▶ MATERIAL FOR THIS EXERCISE:
[Start of section]
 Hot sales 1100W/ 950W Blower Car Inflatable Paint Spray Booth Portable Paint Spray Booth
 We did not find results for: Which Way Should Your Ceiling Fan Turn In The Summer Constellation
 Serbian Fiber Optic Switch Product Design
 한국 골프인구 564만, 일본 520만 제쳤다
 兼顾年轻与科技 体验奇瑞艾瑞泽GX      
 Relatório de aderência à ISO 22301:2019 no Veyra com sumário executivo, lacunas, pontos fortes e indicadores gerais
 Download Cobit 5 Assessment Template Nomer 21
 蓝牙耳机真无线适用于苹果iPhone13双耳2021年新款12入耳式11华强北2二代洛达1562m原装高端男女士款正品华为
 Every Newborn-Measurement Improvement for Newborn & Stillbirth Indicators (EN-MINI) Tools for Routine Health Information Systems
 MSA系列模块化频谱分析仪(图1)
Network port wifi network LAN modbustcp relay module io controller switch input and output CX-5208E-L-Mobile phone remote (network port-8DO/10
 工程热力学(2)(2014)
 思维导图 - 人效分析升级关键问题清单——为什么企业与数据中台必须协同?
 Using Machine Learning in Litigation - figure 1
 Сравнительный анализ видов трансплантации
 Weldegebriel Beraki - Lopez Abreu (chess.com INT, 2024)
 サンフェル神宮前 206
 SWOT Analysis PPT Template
[End of section]
▶ TASK TO CARRY OUT: Copy range, inclusive: the line holding "Download Cobit 5" to the line holding "思维导图 - 人效分析升级关键问题清单——为什么企业与数据中台必须协同?". Reproduce exactly those lines of the records above and no others.

▶ SOLUTION TO THIS EXERCISE:
 Download Cobit 5 Assessment Template Nomer 21
 蓝牙耳机真无线适用于苹果iPhone13双耳2021年新款12入耳式11华强北2二代洛达1562m原装高端男女士款正品华为
 Every Newborn-Measurement Improvement for Newborn & Stillbirth Indicators (EN-MINI) Tools for Routine Health Information Systems
 MSA系列模块化频谱分析仪(图1)
Network port wifi network LAN modbustcp relay module io controller switch input and output CX-5208E-L-Mobile phone remote (network port-8DO/10
 工程热力学(2)(2014)
 思维导图 - 人效分析升级关键问题清单——为什么企业与数据中台必须协同?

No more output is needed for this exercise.